In Virginia last year, six pedestrians died while getting on or off a school bus. Nationally since 1995, nearly two-thirds (65 percent) of the 170 school-age pedestrians who died were killed by school buses, and 30 percent by other vehicles involved in school-bus crashes, according to the National Highway Transportation Safety Administration. Nearly one-half (49 percent) of all school-age pedestrians killed were between five and seven years old.
With children everywhere waiting for, boarding and exiting school buses this time of year, Virginia's back-to-school rules of the road also must be reinforced to drivers. Passing a school bus is prohibited when it is stopped to load or unload passengers, unless a physical barrier or unpaved median separates the traffic going in either direction.
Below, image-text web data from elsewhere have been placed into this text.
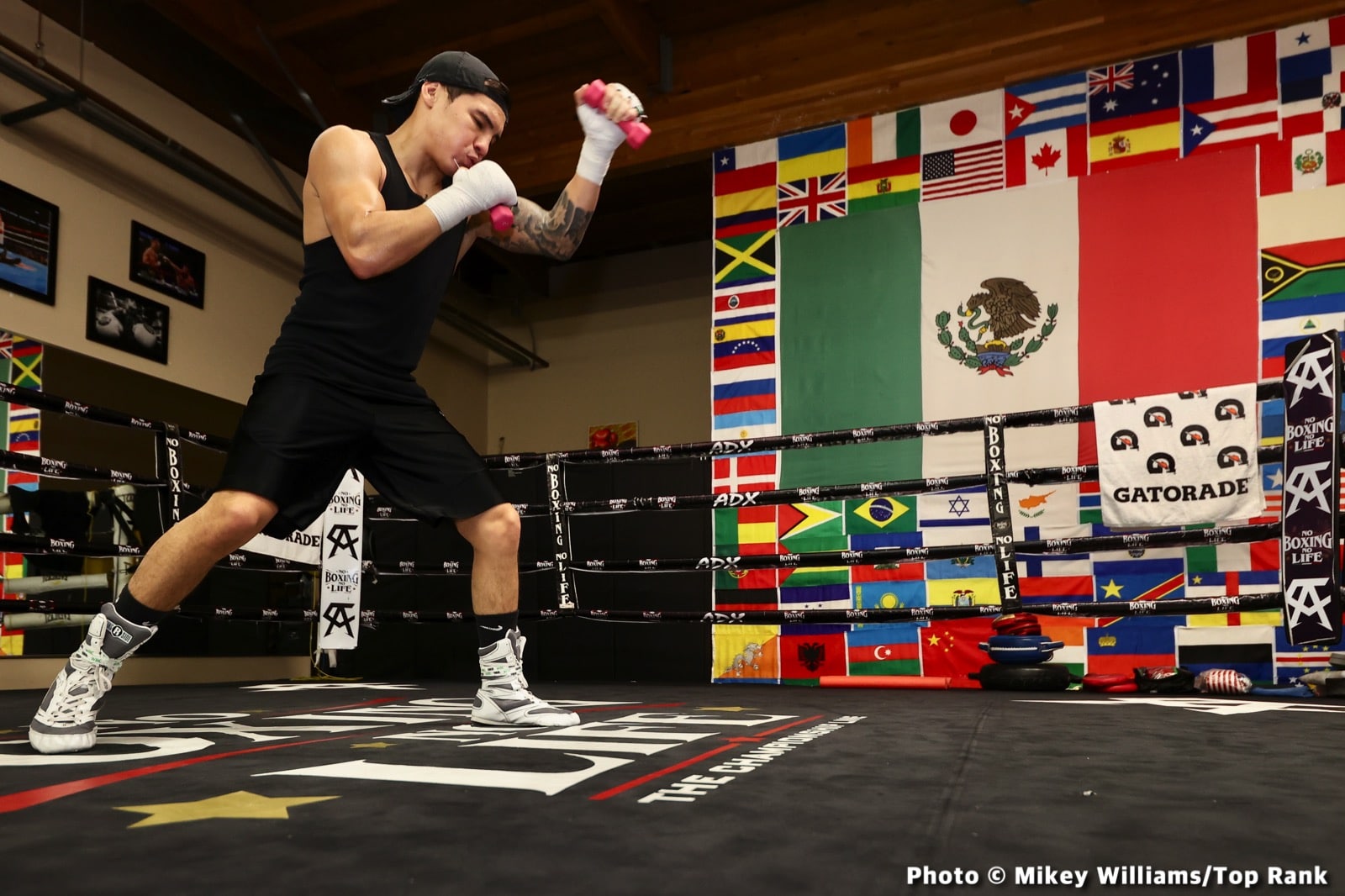 Oscar Valdez, Shakur Stevenson boxing photo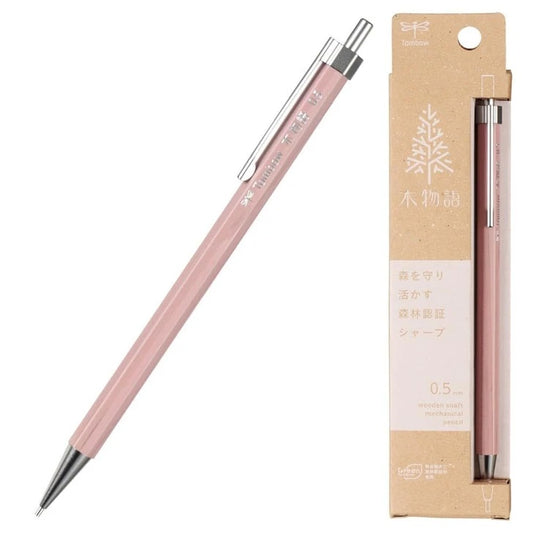 Tombow Wood Story Mechanical Pencil | 0.5mm | Lilac Pink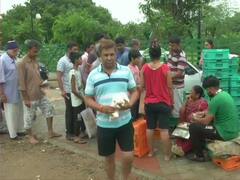 વડોદરામાં પૂરના પાણી ઓસર્યા, દુધ માટે લોકોએ લગાવી લાંબી લાઇન, જુઓ વીડિયો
Here are some additional back-to school safety reminders for drivers:
- Pedestrians always have the right-of-way. When encountering a pedestrian, motorists need to slow down and prepare to stop.
- Yellow flashing lights on a school bus mean the bus is preparing to stop and load or unload children. Motorists need to slow down and prepare to stop.
- Red flashing lights and an extended stop arm mean the school bus is stopped and children are boarding or exiting the bus. Motorists must come to a complete stop a safe distance from the bus and wait until the bus begins moving before they start driving again.
- Drivers are required to travel 25 mph in a school zone when indicated by a sign or signal.
In 2008 in Virginia there were 749 school bus crashes, 327 school bus occupants injured and two school bus occupants, both drivers, were killed. In 59 percent of the 749 bus crashes, the bus driver was not found to be in violation of any traffic law.